• _AVAILABLE DATA_
====

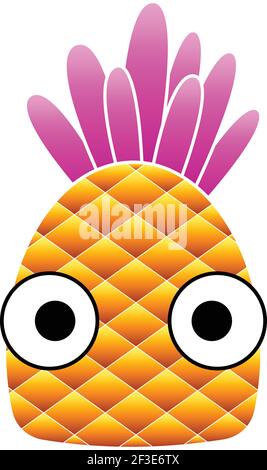 Vitamin pineapple icon, cartoon style Stock Vector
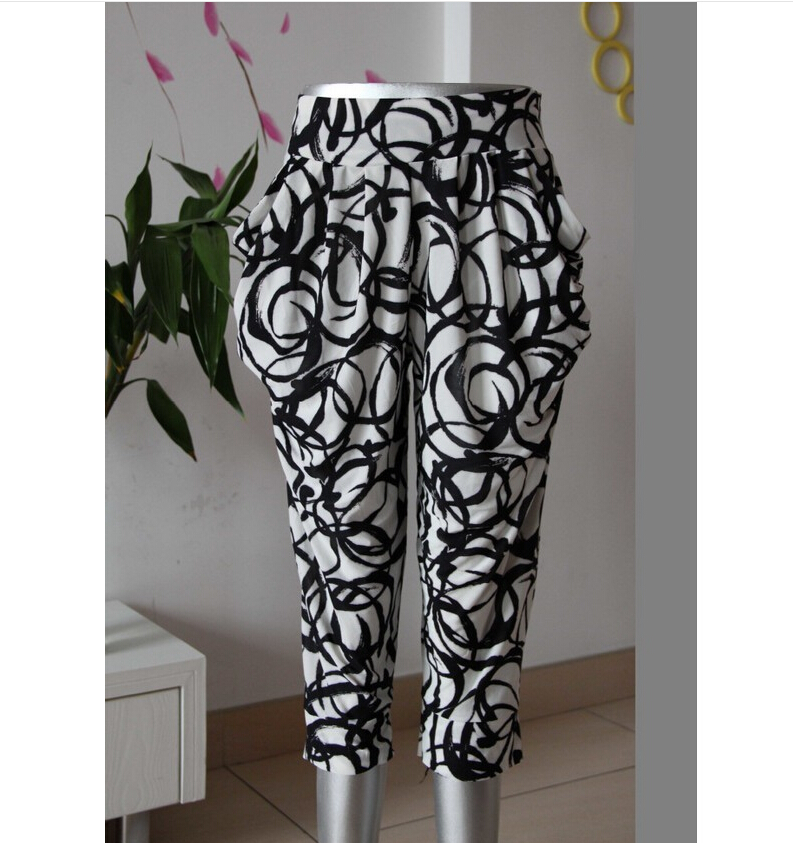 Seven-ice-silk-flower-haroun-lantern-female-pants-leggings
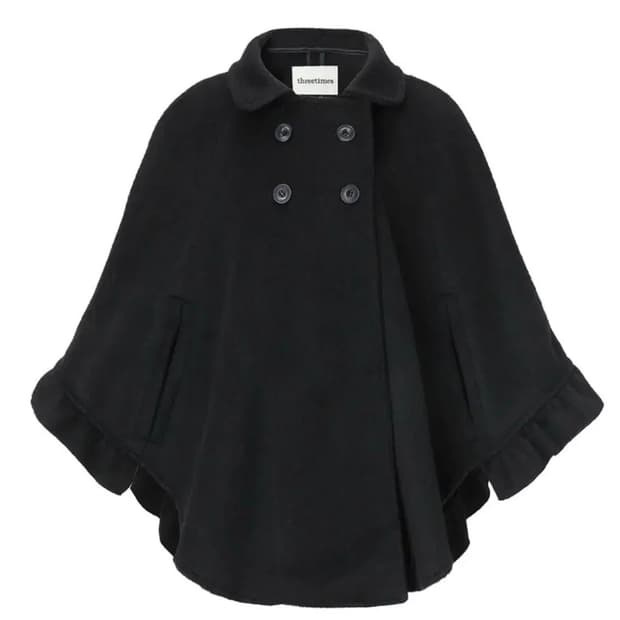쓰리타임즈 문 케이프 자켓 블랙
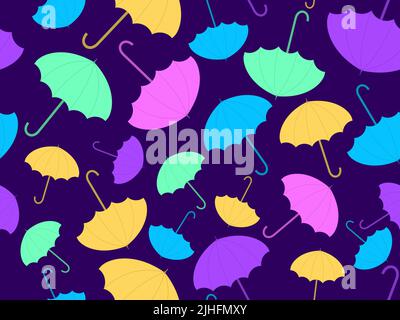 Farbenfrohe Regenschirme im nahtlosen Muster. Muster von offenen Regenschirmen vom Regen. Design von Verpackungen, Banner und Werbematerialien. Vektorgrafik Stock Vektor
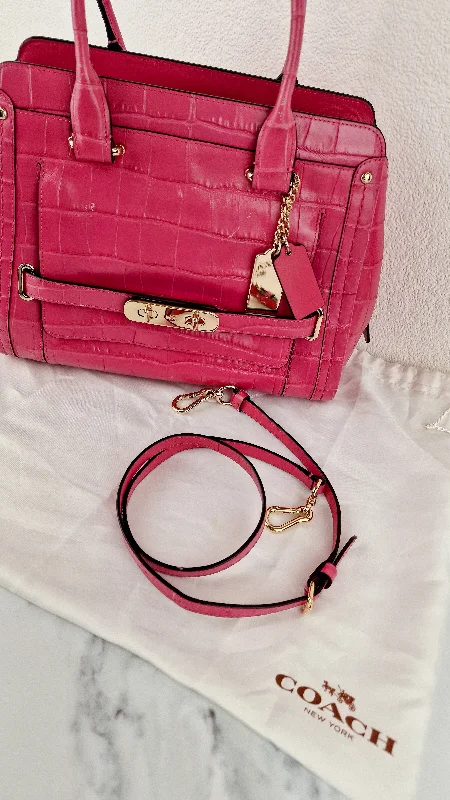 Coach Borough bags with a structured silhouette and a magnetic - snap closureCoach Swagger Frame Bag in Pink Croc Embossed Leather - Handbag Crossbody Bag - Coach 37998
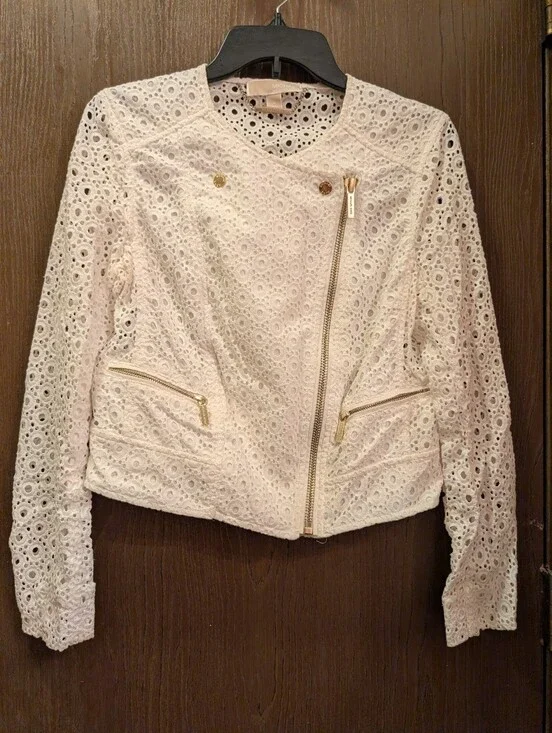 Michael Kors Sz-4 Women White Eyelet Zip Jacket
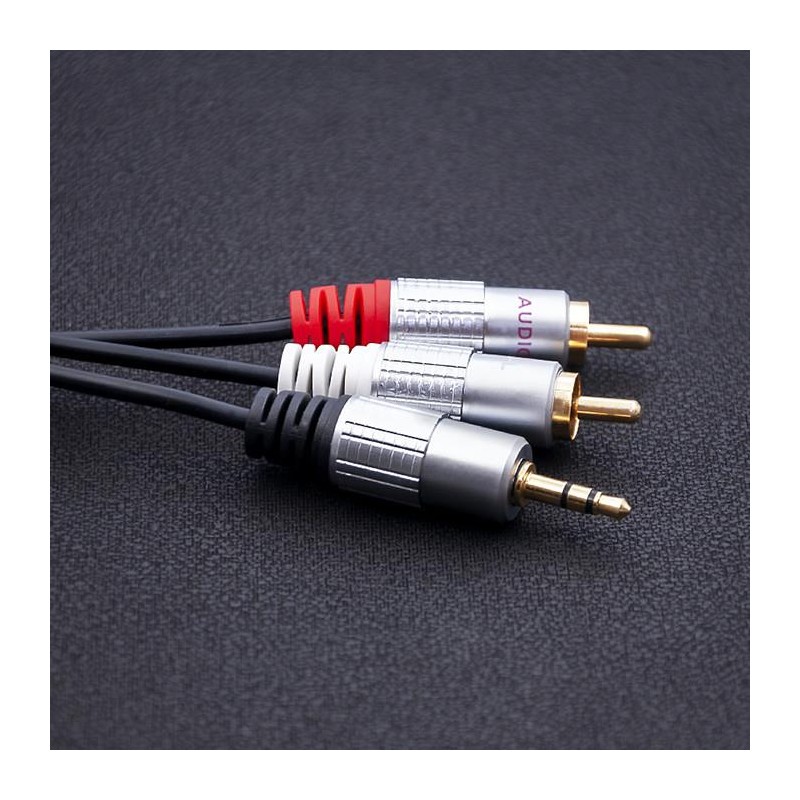 Kabel Qoltec 2xRCA / Mini Jack 3.5mm | 2m | Czarny | PartsPC.pl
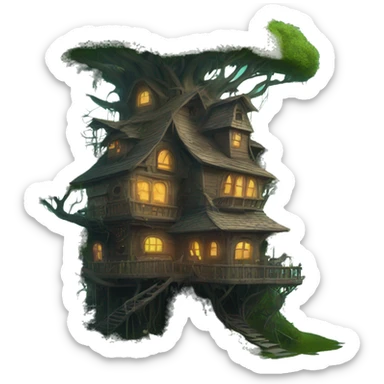 Fantasy haunted tree house in an overgrown cottage with a futuristic twist  sticker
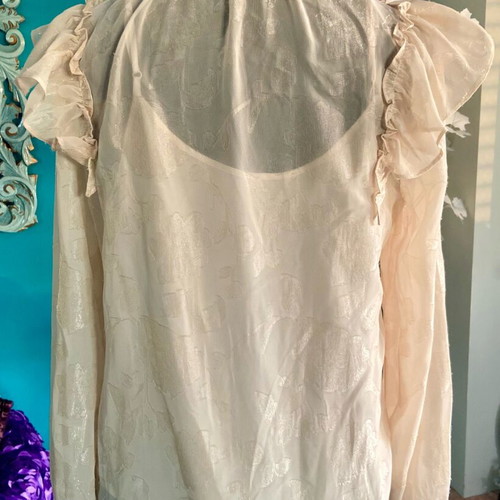 Iridescent floral semi-transparent blouse beige new, size M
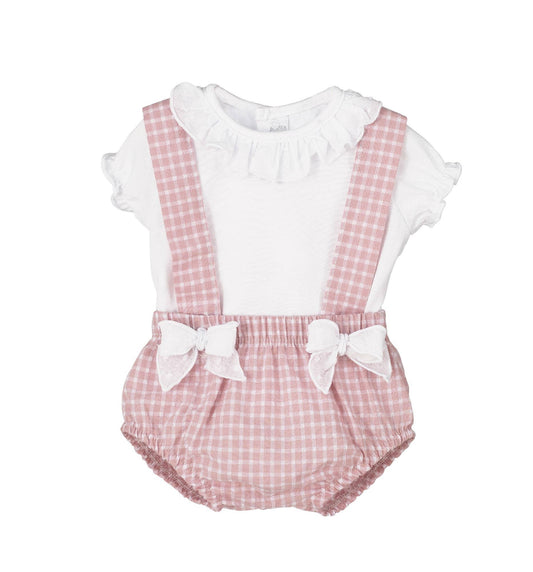 Pink and white bow set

====

• _TASK INSTRUCTIONS_
Make an exact copy of the records above, with the pictures left out.

• _WORKED SOLUTION_
 Vitamin pineapple icon, cartoon style Stock Vector
 Seven-ice-silk-flower-haroun-lantern-female-pants-leggings
쓰리타임즈 문 케이프 자켓 블랙
 Farbenfrohe Regenschirme im nahtlosen Muster. Muster von offenen Regenschirmen vom Regen. Design von Verpackungen, Banner und Werbematerialien. Vektorgrafik Stock Vektor
 Coach Borough bags with a structured silhouette and a magnetic - snap closureCoach Swagger Frame Bag in Pink Croc Embossed Leather - Handbag Crossbody Bag - Coach 37998
 Michael Kors Sz-4 Women White Eyelet Zip Jacket
 Kabel Qoltec 2xRCA / Mini Jack 3.5mm | 2m | Czarny | PartsPC.pl
 Fantasy haunted tree house in an overgrown cottage with a futuristic twist  sticker
 Iridescent floral semi-transparent blouse beige new, size M
 Pink and white bow set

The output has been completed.